恐怖支配、“飴と鞭”による指導は何が問題なのか

――最近、学校の先生の忙しさが問題となり、メディアなどでもよく取り上げられていますね。一方で、「子どもをどうコントロールするか」「子どもをシメる指導方法」などといった内容の、教員向けマニュアル本が売れているとも聞きました。昨今、学校における体罰が問題となっているにもかかわらず、なぜこうしたパワーハラスメント的な指導テクニックが注目を集めているのでしょうか?

パワーハラスメント的な指導方法が学校現場で求められること自体は今に始まったことではなく、たとえば1980年代には「管理教育」と呼ばれる抑圧的な指導方法が猛威を振るっていました。1985年には高校の修学旅行にヘアドライヤーを持参した生徒が教師の体罰によって死亡する事件が起きましたし、90年には朝8時30分のチャイムと同時に勢いよく閉められた校門に生徒が挟まれて死亡するという痛ましい事件が社会問題になりました。

ただ、そうしたパワハラ的な指導方法は「こころの時代」と呼ばれた90年代にいったん影を潜めていきましたし、体罰もまた度重なる社会問題化のなかで量的には減少していきました。たとえば、NHK放送文化研究所の「中学生と高校生の生活と意識調査」を見ると、1982年調査においては高校生の4割に教師に殴られた経験があったのに対し、2002年調査ではその割合は1割にまで低下していたのです。

しかし、2000年代半ば以降、体罰に代わる即効的指導法が求められるなかで、体罰以外のパワハラ的指導法がふたたび活性化しているようです。それがなぜなのか、以下で順を追って説明していきたいと思います。

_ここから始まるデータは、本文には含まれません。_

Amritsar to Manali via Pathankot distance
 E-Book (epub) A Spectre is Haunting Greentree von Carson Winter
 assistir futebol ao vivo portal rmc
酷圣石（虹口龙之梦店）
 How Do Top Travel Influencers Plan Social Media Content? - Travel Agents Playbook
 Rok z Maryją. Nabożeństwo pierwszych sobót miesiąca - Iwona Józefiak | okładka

まず、「管理教育」にみられるようなパワハラ的指導方法ですが、ドイツの精神科医アリス・ミラーらはそれを「ダークペダゴジー(闇の教授法, Schwarze Pädagogik)」と呼んでいます(注1)。ダークペダゴジーには生徒を怒鳴りつけたり「保護者を呼ぶぞ」と脅迫したりといった露骨な方法だけでなく、クラスメイトが見ているなかで叱責して一罰百戒をうながしたり、学級に連帯責任を課すことでトラブルメイカーの生徒を孤立させたりなど様々なバリエーションがあります。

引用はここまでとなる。